Jan 27 décembre 1663, acte de baptême rédigé en français. AD62 5 MIR 656/1   26/66

(Mariage à Hallines le 4 août 1689 avec Anne Francoise Scotte, veuve de Pierre Haussoulier, d’Hallines )

Les baptêmes sont probablement célébrés par Robert Dallongeville prêtre pasteur de Pihen, « y demeurant » en 1664.

Antoine le 16 septembre 1665, acte de baptême rédigé en français. AD62 5 MIR 656/1 27/66

Marie 22 juin  1667, dont le parrain est Pierre Jennequin son oncle, acte rédigé en français AD62 5 MIR 656/1  28/66

Marguerite 20 décembre 1670, rédigé en français  AD62 5 MIR 656/1  28/66

Anne 17 août  1674, acte rédigé en latin    AD62 5 MIR 656/1  30/66

Pierre, 2 novembre 1675, son parrain est Pierre Jennequin. Acte rédigé en latin. AD625 MIR 656/1 31 sur 66

Acte de baptême d’Antoine Martel 5 MIR 656/1  27/66

 

 

 

 

 

 

 

 

 

 

Les noms des curés ne sont pas indiqués sur les actes de baptême. On sait seulement que Robert Dallongeville, prêtre pasteur de Pihen, « y demeurant » en 1664. Le passage à la rédaction en latin correspond sans doute à la meilleure prise en charge de la formation des prêtres : «Mieux formés dans le moule des séminaires à partir de la seconde moitié du XVIIe siècle. » Lente évolution à la fois à la suite du Concile de Trente, et aussi «Les curés de paroisses deviennent en effet des auxiliaires de l’absolutisme, parce qu’ils servent à la fois Dieu et le roi, son lieutenant sur terre. » (Robert Muchembled).

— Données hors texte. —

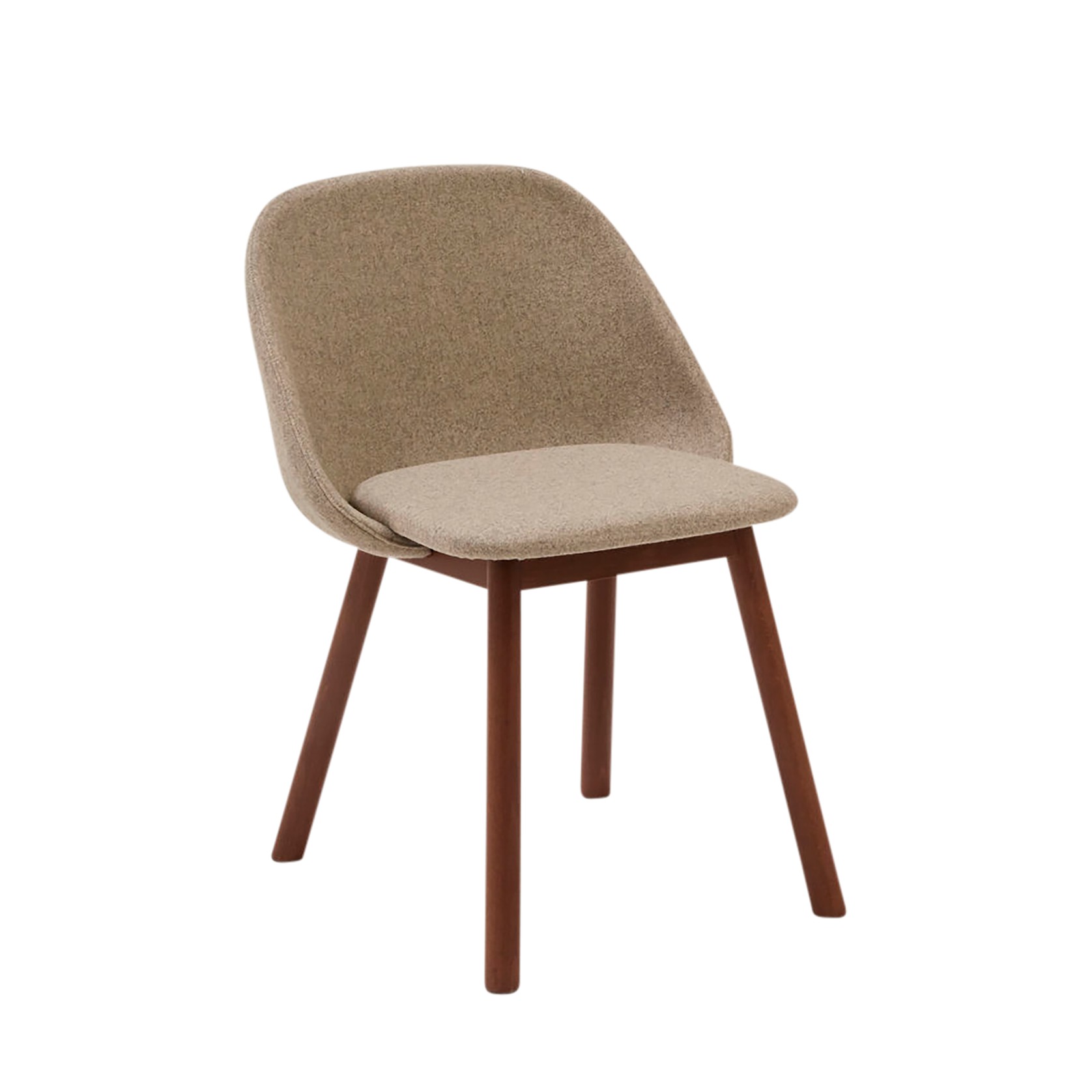 Spoon Chair gallery detail image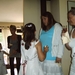 IMG00316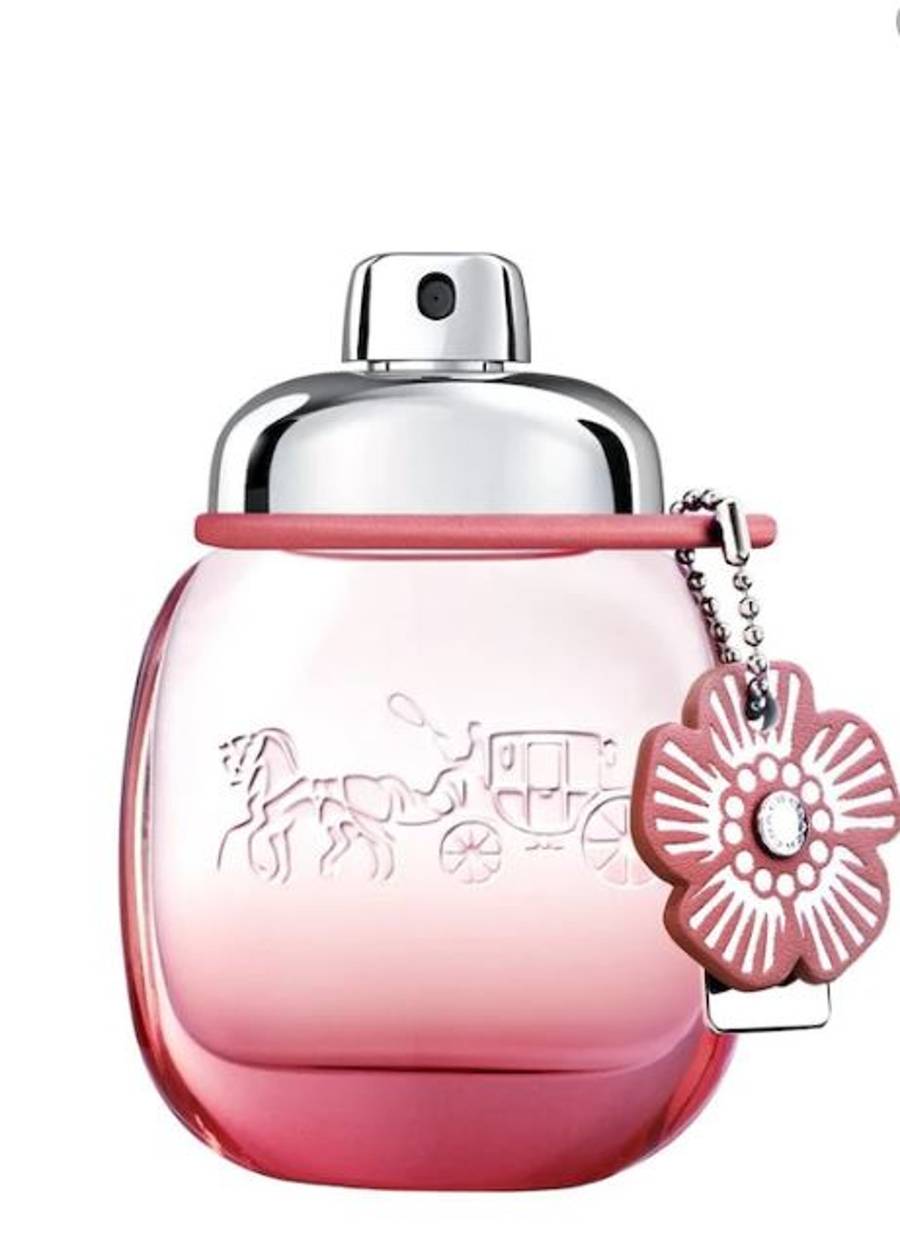 Pomysły prezentowe na dzień kobiet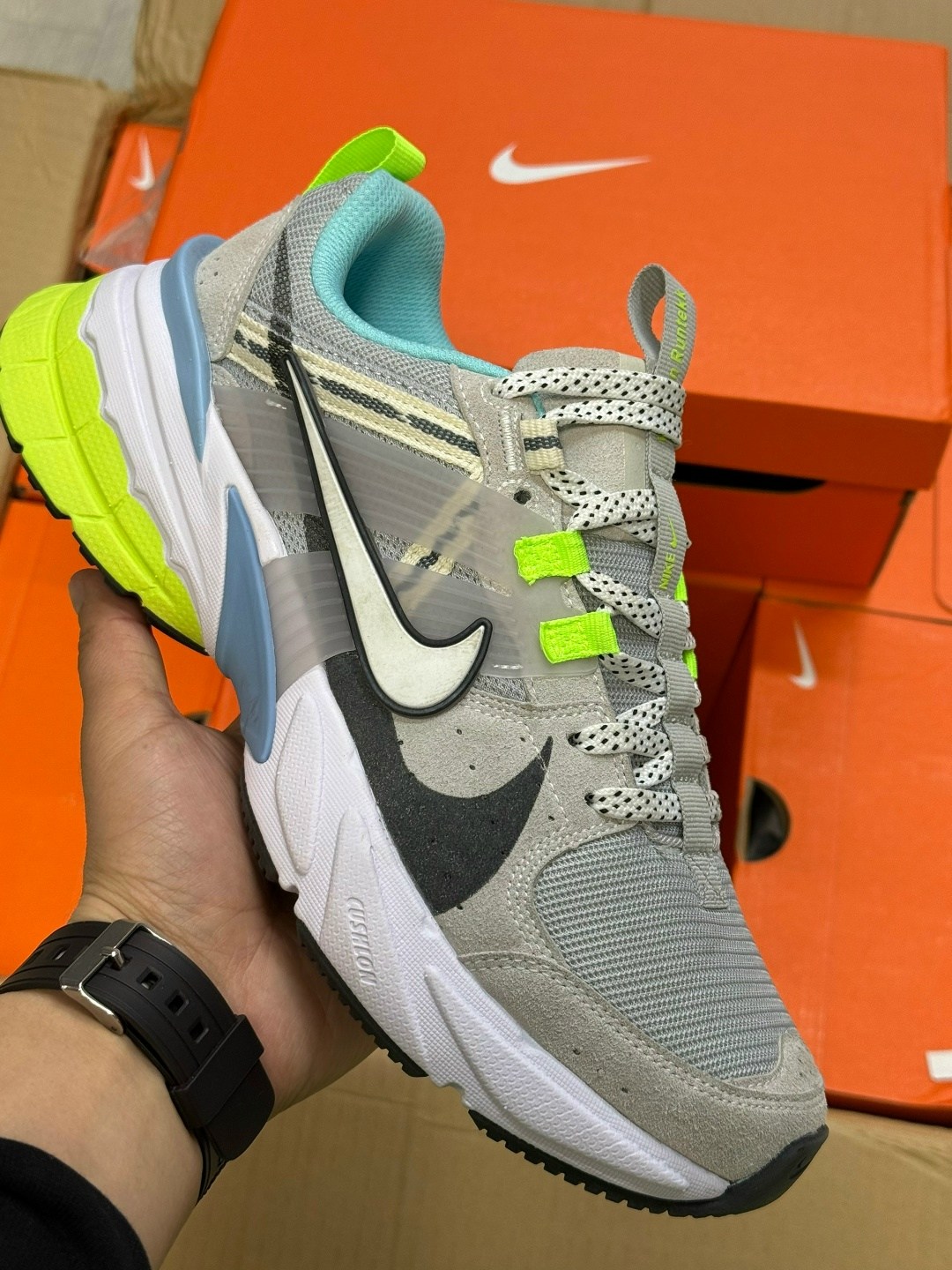 кроссовки skepta x nike air max tailwind v,nike air max tailwind 5 skepta,nike air max tn plus,nike skepta tailwind,skepta x nike air max tailwind 5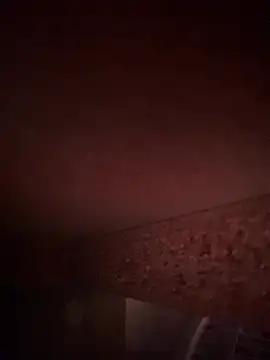 Mineirinho043 online show from March 15, 11:16 am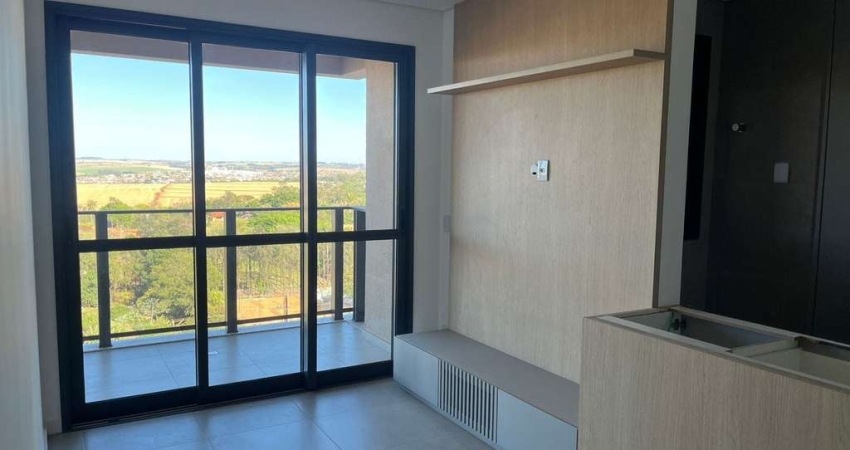 Tay residence | apartamento para locação com 3 quartos (1 suíte), sacada ampla por r$ 4.800,00 – lo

En 1675 la famille habitait donc Pihem.

On rencontrera par la suite surtout Antoine (mon ancêtre), Marguerite, Pierre et Anne

Le 3e de la fratrie, Antoine est donc  baptisé le 16  septembre 1665, il naît espagnol  et est devenu français en 1677,

il épouse le 29 janvier 1698 

Marie Anne Deneuville ICI ou de Noeufville (plusieurs orthographes sont trouvées),

du village de Inghem, également à 11 km de Saint-Omer. Pihem et Inghem sont distants de 4 km.

 

Les parents de Marie Anne de Neufville sont Jean de Neufville et Guislaine Juda, « petits laboureurs ». À  Inghem

Donc même statut que Jan Martel.

Le 10 Mai 1675 Acte de Baptême de Maria Anne de Noeufville à Inghem, son parrain est Jean Tartare et sa marraine Maria Fermontel. AD62  5  MIR 471/1  28/932  Inghem

Marie Anne a un frère, Antoine, baptisé  le 26 mars 1680, mais aussi un frère nommé Jean-Baptiste témoin de son mariage. AD62 5 MIR 471/1 30/932

On retrouve le 23 octobre 1694 Marie Anne De Neufville, 19 ans, marraine à Inghem au baptême de Marie Anne Desplanques , fille de Jacques Desplanques. AD62 5 MIR 471/1  149sur932

Les De Neuville et les Desplanques devaient être proches car  3 ans plus tard,

Le 31 juillet 1697 baptême  de Marie Jeanne Desplancq fille de Jacques et Jeanne Calliboite

Le parrain est Jean Philippe Leleu et la marraine Marie Deneuville . Marie de Neuville, fille de feu Benoit  de cette paroisse . Marie De Neuville est la tante de Marie Anne. AD62 5 MIR 471/1 47/932

On trouve en 1729 : 1729 04 27 « décès Marie de Neuville fille de Feu Benoit et de Jeanne Fombe  aussi défunt et le 28 fut ensépulturée dans le cimetière de ce lieu. Ont assisté  comme témoins Jacques Desplanques et Pierre Razé  lesquels ont signé …. »  AD62 5 MIR 471/1 310/932

 

L’Église était au centre de la vie des familles. « La religion catholique comme l’air que respiraient les gens ». L’État civil n’existe pas, ce sont les prêtres qui tiennent les registres paroissiaux des baptêmes, mariages et sépultures. Les naissances sont nombreuses et la mortalité infantile est très importante. Un prêtre par paroisse.  L’église rythme le temps, au cours de l’année ( les grandes fêtes mais aussi en lien avec la vie de la campagne, les grandes processions dans la campagne – fête des Rogations pour les moissons, avant l’Ascension -, les grandes périodes du carême dont on a vu l’importance au cours du siège de Saint-Omer) , elle rythme la journée avec l’Angelus, dirige les consciences, parfois fait l’école.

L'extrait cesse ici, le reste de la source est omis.